Fleming came up with the idea for the VARK model while working as an inspector for the New Zealand education system; he noticed that some great teachers were not reaching some students while other poor teachers were. When he moved to Lincoln University he decided to investigate why this was. He created the VARK test based on prior experience and by working with students and teachers at Lincoln University.[3]

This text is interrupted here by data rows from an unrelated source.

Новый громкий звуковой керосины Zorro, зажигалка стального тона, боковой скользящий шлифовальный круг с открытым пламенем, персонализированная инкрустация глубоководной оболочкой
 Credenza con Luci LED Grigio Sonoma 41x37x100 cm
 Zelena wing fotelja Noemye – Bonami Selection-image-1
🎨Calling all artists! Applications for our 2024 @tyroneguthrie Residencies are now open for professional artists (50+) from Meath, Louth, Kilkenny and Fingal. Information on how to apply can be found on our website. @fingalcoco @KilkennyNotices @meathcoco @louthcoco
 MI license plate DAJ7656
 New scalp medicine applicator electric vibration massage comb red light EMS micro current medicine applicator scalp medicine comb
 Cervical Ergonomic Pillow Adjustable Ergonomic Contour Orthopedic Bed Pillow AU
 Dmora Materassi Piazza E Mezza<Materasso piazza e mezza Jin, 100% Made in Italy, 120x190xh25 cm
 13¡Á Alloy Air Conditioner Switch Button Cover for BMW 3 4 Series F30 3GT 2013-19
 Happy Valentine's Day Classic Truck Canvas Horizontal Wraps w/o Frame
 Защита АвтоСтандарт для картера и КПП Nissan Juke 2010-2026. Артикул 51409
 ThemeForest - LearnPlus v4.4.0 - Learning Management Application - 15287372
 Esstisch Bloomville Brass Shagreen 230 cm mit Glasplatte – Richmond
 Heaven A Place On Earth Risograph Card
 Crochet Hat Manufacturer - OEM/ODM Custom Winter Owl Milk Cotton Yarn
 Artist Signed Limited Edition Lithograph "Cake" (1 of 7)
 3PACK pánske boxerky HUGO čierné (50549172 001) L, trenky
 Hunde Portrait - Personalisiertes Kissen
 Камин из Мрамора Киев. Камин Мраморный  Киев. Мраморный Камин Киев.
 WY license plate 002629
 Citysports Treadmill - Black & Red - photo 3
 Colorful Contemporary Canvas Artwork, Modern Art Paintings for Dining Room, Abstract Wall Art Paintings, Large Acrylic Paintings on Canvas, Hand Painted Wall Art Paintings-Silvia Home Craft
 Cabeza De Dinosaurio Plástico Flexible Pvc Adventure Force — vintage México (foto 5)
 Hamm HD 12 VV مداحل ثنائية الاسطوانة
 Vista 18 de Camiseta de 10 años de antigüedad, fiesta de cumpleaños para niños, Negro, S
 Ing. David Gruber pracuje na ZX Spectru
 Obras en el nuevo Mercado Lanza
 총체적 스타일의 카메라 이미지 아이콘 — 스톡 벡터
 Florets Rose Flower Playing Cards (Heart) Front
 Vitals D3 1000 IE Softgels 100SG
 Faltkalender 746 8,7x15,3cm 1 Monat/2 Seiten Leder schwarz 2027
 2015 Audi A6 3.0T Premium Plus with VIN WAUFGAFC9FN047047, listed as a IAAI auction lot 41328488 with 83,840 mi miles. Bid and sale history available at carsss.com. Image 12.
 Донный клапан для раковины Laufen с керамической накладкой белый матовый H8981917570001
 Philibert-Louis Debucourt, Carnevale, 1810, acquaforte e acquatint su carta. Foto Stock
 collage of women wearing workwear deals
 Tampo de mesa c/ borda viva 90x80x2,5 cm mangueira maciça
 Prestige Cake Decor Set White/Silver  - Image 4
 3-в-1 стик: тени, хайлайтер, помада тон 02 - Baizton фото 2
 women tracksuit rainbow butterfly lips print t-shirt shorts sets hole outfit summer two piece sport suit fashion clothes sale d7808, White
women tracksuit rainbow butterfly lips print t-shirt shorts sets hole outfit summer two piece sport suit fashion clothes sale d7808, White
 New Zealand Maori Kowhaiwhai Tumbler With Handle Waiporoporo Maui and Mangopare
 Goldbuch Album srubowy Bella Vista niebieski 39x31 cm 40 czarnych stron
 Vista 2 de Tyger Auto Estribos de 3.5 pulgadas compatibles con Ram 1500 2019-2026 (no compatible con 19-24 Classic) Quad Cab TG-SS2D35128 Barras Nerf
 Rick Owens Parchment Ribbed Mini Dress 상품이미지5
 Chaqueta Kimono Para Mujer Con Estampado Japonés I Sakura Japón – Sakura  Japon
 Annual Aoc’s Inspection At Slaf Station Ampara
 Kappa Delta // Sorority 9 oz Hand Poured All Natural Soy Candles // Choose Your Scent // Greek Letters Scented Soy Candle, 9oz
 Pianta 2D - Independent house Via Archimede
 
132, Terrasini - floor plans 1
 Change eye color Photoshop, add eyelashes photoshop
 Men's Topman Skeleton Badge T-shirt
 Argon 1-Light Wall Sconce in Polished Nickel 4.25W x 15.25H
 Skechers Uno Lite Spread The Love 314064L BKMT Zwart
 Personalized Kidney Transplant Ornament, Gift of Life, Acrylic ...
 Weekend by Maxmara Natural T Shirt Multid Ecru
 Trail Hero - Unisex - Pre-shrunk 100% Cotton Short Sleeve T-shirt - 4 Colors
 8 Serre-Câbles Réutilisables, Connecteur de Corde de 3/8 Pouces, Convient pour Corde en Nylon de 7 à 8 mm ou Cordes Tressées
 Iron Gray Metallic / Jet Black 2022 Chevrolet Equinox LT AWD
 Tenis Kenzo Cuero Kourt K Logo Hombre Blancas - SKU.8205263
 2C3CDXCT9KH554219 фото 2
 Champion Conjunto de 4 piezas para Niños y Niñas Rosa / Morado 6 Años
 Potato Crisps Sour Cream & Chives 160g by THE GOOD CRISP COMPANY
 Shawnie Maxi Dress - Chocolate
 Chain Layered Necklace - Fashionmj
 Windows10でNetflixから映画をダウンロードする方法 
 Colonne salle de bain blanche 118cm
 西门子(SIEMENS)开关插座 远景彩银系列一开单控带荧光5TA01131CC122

Despite the popularity of learning styles and inventories such as the VARK, there is no evidence to support the idea that matching activities to one’s learning style improves learning. In 2009, Psychological Science in the Public Interest commissioned cognitive psychologists Harold Pashler, Mark McDaniel, Doug Rohrer, and Robert Bjork to evaluate the research on learning styles to determine whether there is credible evidence to support using learning styles in instruction. Their conclusion was: “Although the literature on learning styles is enormous,” they “found virtually no evidence” supporting the idea that “instruction is best provided in a format that matches the preference of the learner.” Many of those studies suffered from weak research design, rendering them far from convincing. Others with an effective experimental design “found results that flatly contradict the popular” assumptions about learning styles. In sum, “The contrast between the enormous popularity of the learning-styles approach within education and the lack of credible evidence for its utility is, in our opinion, striking and disturbing”.[7]